Colt Jackson, the youngest of the three Jackson brothers, is a Hunter. A hunter of the supernatural, actually, and by all accounts, a damned good one too. It runs in the family.
That's the kind of thing that makes having to strike a deal with a demon (one he's sure will end up with him losing his soul) a little awkward. But if that means saving the world from all hell breaking loose, well...
So, Colt summons up a succubus, Lilly, and the two of them head off to find his father's portion of the Book of Legend, so that he can seal off the Gates of Nyx. Naturally, nothing goes quite as planned, and Colt and Lilly find themselves thrown into a high pressure, high stakes situation, which leads to fast chemistry and a forged bond.

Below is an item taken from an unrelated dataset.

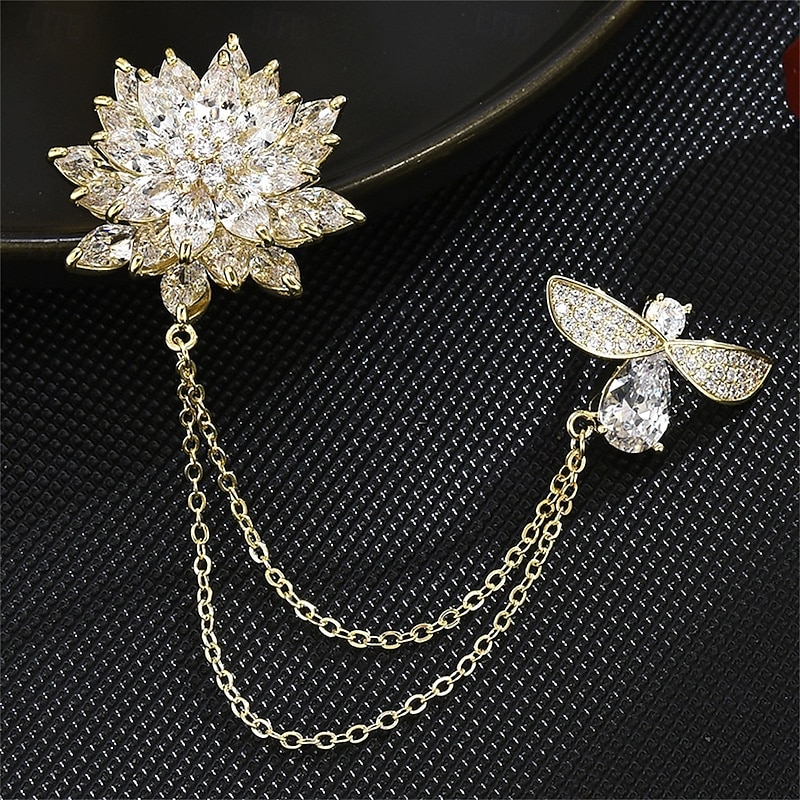 Brooches Classic Retro Geometrical Animal Elegant Fashion Personalized Simple Brooch Jewelry Silver Gold For Wedding Party Gift Engagement Prom Festival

I liked this book. Lilly and Colt make a good couple and a good team. At times I wished there had been more action, but the two of them made for an enjoyable read the entire time. And it was refreshing to see characters who managed to toe the line between letting go of all of their long-held beliefs at first sight, and clinging to them past the point of reason. A lot of authors use that as a crutch for conflict, but Meyers avoids that pitfall, and I thank her.
Normally I don't like when romance novels add science fiction or fantasy elements, because the writer is often not as adept at handling those parts of the story, and the whole thing feels like it's taking place in front of flimsy backdrops. Meyers, however, does a very good job of blending the genres so they all feel like they fit into the tale. The Hunter would be a different story without the supernatural aspect of it. The western setting and the demons worked especially well together.
However, I would have liked to have seen more steampunk. Not necessarily in terms of more gadgets and whatnot, but more in terms of the feeling. It's the kind of thing I hesitate to bring up, because I can't quantify it. But it didn't feel like a steampunk story to me.
Then again, the book is primarily a romance novel, and it reads like that. Lots of sexual tension, innuendo, and descriptions of girls in dresses. I did enjoy the kind of clever explanation of why Colt, who is definitely not the kind of guy you'd expect to take such detailed notice of a lady's outfit, was paying so much attention to Lilly's costume changes. He's obsverant? It's cute, and I'll buy it.
If you like romance novels, and you're wanting to blend the genres a bit, then I would definitely suggest this book. If you're more of a fantasy/science fiction fan looking for something with more romance, this book might make you restless. "Why haven't they been attacked by bandits, or bit by a snake or something? They haven't been in trouble for like ten chapters!"
I'll admit to being completely predisposed to liking the book. Steampunk western? Why, that's my favourite kind! One of the main characters is a succubus? I've been so into them ever since getting into Lost Girl. Gritty characters in a gritty world? I can feel the sand and dust already!
If those are things you love, then perhaps you too will enjoy the book.
That being said, I knew before I started the story that it people were going to draw similarities between it and Supernatural. A family of demon-hunting men, one of them named Winchester, whose mother had been killed by a demon? I haven't even seen Supernatural and I know that much is pretty similar.
But, having not seen Supernatural, I can't say how much it resembles the show or not, and I'm not entirely inclined to take a fan's word on it (there are Supernatural fans who believe the series invented salt). So I offer no comment there, except to say that there was nothing so out of the blue in this book that I thought, "She must have taken it from somewhere else!" If you're not familiar with the show, you won't feel lost in the book, in other words.